DESCRIPTION OF THE TASK
Restate word for word the lines of the records below, starting at the line that contains "Athletic Training Observation Form" and ending at the line that contains "HOMCOM 3-in-1 Plyo", with both of those lines included and nothing else.

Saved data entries
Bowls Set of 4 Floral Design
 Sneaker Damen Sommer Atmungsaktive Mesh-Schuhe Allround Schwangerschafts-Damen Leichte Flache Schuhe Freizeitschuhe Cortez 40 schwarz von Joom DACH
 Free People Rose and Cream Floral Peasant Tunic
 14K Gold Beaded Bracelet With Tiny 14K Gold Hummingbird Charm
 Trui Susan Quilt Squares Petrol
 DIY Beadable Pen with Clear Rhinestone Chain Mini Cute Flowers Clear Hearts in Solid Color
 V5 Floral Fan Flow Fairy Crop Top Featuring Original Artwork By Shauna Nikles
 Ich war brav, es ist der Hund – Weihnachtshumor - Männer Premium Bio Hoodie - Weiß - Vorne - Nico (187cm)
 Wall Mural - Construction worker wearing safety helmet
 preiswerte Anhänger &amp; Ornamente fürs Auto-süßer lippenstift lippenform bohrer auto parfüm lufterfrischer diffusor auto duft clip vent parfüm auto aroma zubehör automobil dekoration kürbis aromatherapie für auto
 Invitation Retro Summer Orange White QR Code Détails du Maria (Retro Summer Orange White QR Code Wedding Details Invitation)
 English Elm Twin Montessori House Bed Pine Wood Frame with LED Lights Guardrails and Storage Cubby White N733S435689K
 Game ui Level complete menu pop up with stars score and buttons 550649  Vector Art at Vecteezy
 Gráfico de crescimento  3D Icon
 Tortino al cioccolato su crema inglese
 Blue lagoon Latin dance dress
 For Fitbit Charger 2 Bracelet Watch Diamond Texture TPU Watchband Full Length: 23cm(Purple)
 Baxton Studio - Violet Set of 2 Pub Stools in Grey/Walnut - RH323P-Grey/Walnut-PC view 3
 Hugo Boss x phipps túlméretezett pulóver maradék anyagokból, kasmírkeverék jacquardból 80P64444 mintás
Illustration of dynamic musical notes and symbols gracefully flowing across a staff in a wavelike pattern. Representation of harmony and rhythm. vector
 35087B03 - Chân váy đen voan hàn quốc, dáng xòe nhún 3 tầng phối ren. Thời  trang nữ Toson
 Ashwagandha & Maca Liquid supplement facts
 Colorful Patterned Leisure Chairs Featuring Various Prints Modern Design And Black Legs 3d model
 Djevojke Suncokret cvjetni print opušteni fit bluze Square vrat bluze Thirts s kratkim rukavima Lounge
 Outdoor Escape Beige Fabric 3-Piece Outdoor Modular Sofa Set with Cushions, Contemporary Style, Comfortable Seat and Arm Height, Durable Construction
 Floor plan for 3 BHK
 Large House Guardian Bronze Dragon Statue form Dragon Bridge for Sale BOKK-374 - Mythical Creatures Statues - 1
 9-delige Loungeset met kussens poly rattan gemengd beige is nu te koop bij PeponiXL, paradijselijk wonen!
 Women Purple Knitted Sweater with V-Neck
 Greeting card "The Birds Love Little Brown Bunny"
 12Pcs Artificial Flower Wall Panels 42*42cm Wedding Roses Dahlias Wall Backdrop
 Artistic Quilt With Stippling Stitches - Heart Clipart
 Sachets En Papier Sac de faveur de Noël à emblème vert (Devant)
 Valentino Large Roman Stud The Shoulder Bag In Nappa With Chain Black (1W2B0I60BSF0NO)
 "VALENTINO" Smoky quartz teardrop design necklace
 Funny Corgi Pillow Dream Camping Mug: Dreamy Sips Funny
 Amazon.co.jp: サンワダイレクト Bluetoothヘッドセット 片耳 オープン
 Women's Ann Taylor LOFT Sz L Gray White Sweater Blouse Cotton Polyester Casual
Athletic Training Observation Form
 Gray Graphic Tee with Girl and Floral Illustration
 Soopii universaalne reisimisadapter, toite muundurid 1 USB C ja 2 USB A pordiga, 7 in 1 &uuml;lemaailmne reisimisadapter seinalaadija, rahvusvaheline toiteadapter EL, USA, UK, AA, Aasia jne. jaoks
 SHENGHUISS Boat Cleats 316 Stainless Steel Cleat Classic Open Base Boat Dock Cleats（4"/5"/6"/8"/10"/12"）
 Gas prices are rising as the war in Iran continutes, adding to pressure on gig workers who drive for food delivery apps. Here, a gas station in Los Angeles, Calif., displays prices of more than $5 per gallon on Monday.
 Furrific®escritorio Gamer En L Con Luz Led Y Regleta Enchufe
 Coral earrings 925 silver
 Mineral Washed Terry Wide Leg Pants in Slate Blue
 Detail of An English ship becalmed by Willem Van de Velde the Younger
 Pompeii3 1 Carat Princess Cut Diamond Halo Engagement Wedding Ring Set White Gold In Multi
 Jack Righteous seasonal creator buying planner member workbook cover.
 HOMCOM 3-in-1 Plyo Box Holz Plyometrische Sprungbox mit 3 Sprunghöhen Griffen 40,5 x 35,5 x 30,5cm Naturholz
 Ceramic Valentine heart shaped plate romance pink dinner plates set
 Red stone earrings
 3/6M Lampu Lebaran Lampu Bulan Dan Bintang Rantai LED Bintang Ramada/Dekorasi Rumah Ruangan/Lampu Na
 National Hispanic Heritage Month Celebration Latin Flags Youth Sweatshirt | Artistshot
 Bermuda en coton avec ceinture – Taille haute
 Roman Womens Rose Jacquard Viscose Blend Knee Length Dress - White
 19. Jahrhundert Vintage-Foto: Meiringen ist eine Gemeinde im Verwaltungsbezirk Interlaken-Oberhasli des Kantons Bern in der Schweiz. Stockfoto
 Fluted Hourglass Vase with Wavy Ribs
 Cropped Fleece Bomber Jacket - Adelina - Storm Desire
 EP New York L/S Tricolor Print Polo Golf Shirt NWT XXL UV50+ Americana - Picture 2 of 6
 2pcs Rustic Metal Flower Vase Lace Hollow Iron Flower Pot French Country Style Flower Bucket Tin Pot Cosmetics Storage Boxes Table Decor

SOLVED PROBLEM
Athletic Training Observation Form
 Gray Graphic Tee with Girl and Floral Illustration
 Soopii universaalne reisimisadapter, toite muundurid 1 USB C ja 2 USB A pordiga, 7 in 1 &uuml;lemaailmne reisimisadapter seinalaadija, rahvusvaheline toiteadapter EL, USA, UK, AA, Aasia jne. jaoks
 SHENGHUISS Boat Cleats 316 Stainless Steel Cleat Classic Open Base Boat Dock Cleats（4"/5"/6"/8"/10"/12"）
 Gas prices are rising as the war in Iran continutes, adding to pressure on gig workers who drive for food delivery apps. Here, a gas station in Los Angeles, Calif., displays prices of more than $5 per gallon on Monday.
 Furrific®escritorio Gamer En L Con Luz Led Y Regleta Enchufe
 Coral earrings 925 silver
 Mineral Washed Terry Wide Leg Pants in Slate Blue
 Detail of An English ship becalmed by Willem Van de Velde the Younger
 Pompeii3 1 Carat Princess Cut Diamond Halo Engagement Wedding Ring Set White Gold In Multi
 Jack Righteous seasonal creator buying planner member workbook cover.
 HOMCOM 3-in-1 Plyo Box Holz Plyometrische Sprungbox mit 3 Sprunghöhen Griffen 40,5 x 35,5 x 30,5cm Naturholz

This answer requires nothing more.